=== MATERIAL PROVIDED ===
_ _ _ _

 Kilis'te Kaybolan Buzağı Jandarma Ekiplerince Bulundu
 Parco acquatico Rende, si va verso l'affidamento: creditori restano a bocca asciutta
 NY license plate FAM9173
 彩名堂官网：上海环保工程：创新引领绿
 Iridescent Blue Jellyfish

_ _ _ _

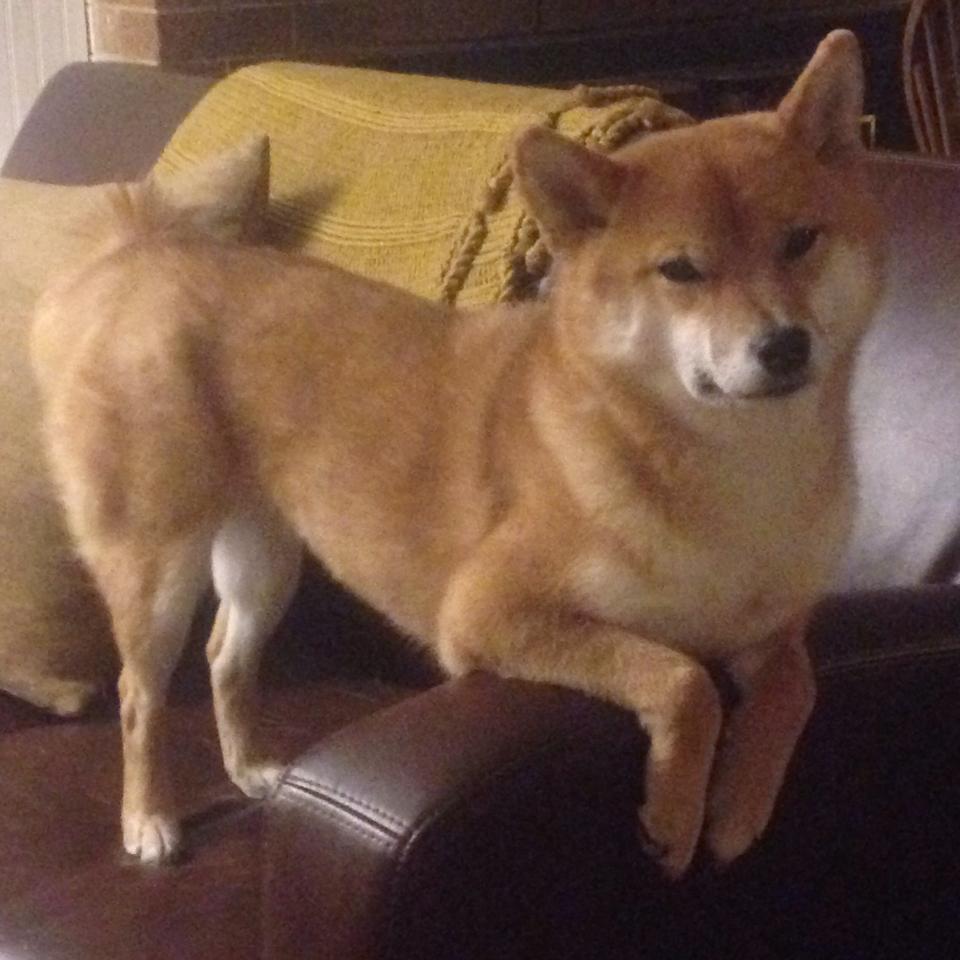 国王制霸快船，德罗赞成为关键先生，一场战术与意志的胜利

_ _ _ _

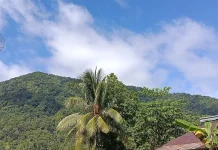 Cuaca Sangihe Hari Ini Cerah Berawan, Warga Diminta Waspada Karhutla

_ _ _ _

=== EXERCISE DETAILS ===
Within the listing above, the range opens at the line with "NY license plate FAM9173" and closes at the line with "Iridescent Blue Jellyfish". Reproduce exactly the lines of that range, including both ends.

=== EXERCISE SOLUTION ===
 NY license plate FAM9173
 彩名堂官网：上海环保工程：创新引领绿
 Iridescent Blue Jellyfish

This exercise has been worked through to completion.